§ Source information
※ ※ ※

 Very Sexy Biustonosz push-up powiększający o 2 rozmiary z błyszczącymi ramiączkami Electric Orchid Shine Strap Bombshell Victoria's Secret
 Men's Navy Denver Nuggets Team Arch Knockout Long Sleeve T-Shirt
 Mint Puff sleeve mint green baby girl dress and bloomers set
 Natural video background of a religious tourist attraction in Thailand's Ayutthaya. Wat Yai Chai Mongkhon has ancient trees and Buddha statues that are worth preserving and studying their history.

※ ※ ※

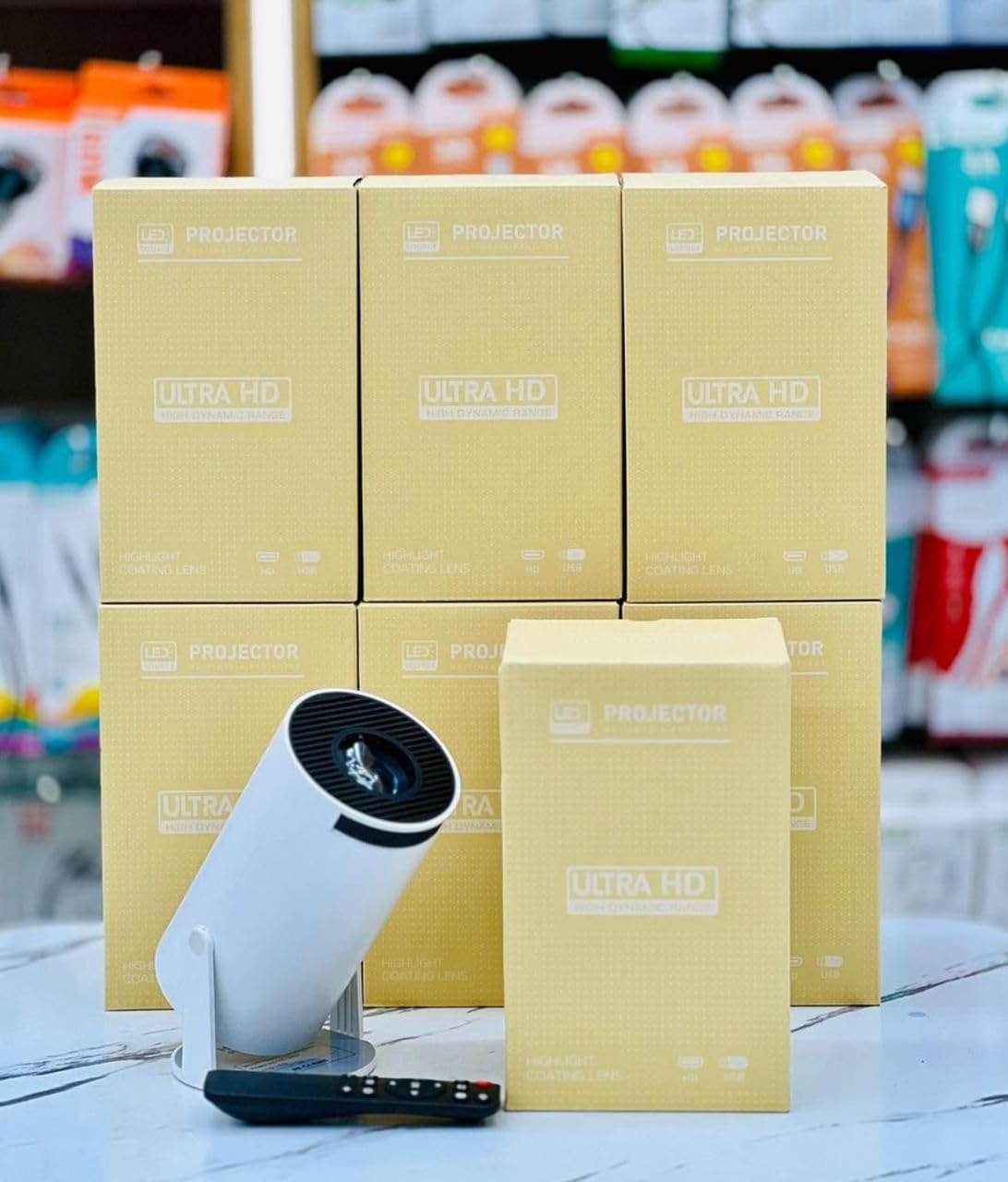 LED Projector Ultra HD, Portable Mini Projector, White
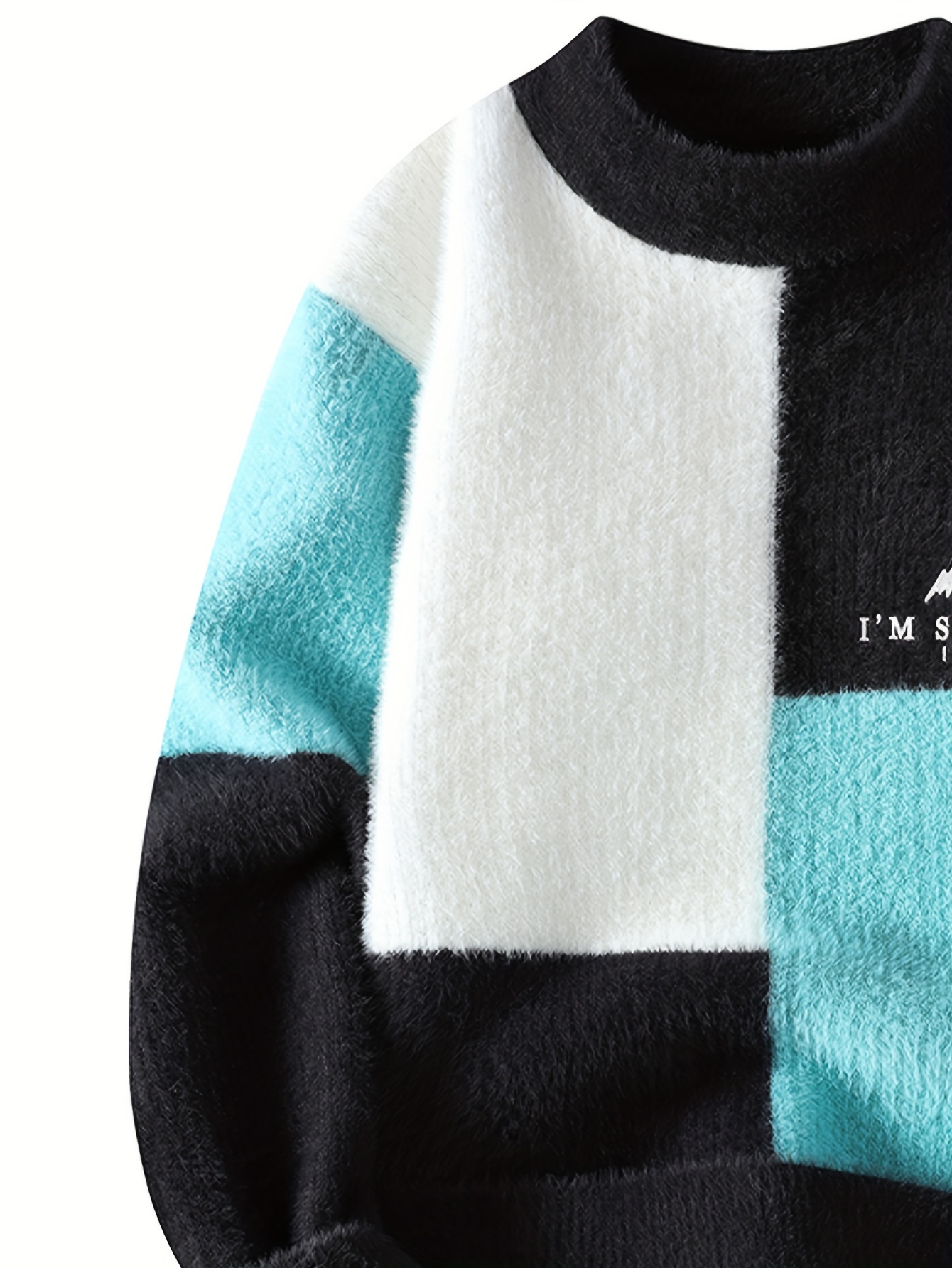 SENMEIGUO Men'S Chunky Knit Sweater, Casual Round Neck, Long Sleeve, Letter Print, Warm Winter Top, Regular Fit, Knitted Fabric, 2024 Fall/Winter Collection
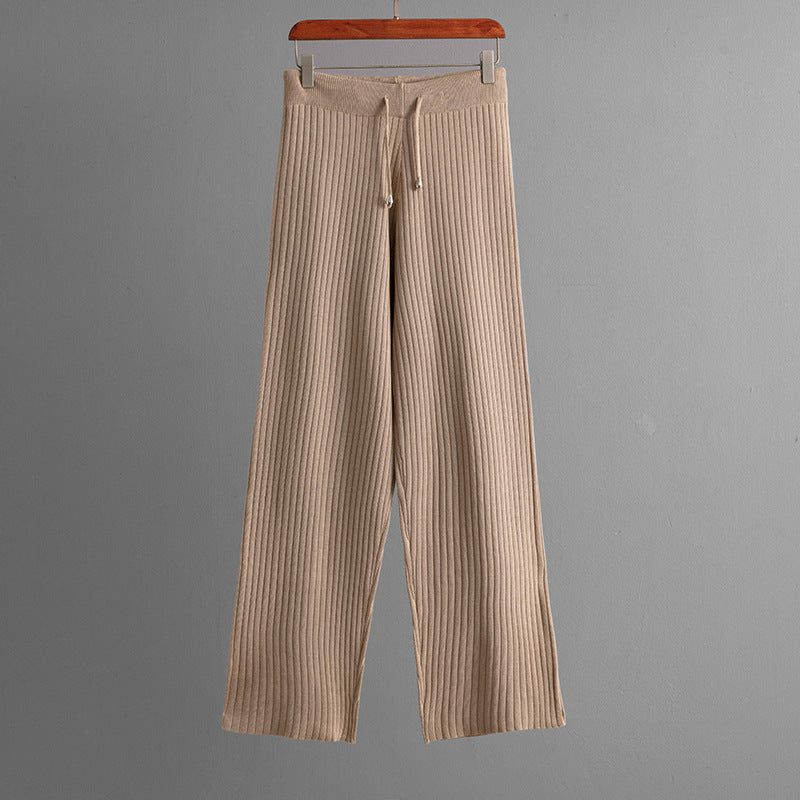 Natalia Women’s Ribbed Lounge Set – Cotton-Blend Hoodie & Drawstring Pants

※ ※ ※

§ Try it
Your task is to transcribe, with no changes, only the lines of the listing above that lie between the line holding "Very Sexy Biustonosz" and the line holding "Mint Puff sleeve", inclusive.

§ Solved problem
 Very Sexy Biustonosz push-up powiększający o 2 rozmiary z błyszczącymi ramiączkami Electric Orchid Shine Strap Bombshell Victoria's Secret
 Men's Navy Denver Nuggets Team Arch Knockout Long Sleeve T-Shirt
 Mint Puff sleeve mint green baby girl dress and bloomers set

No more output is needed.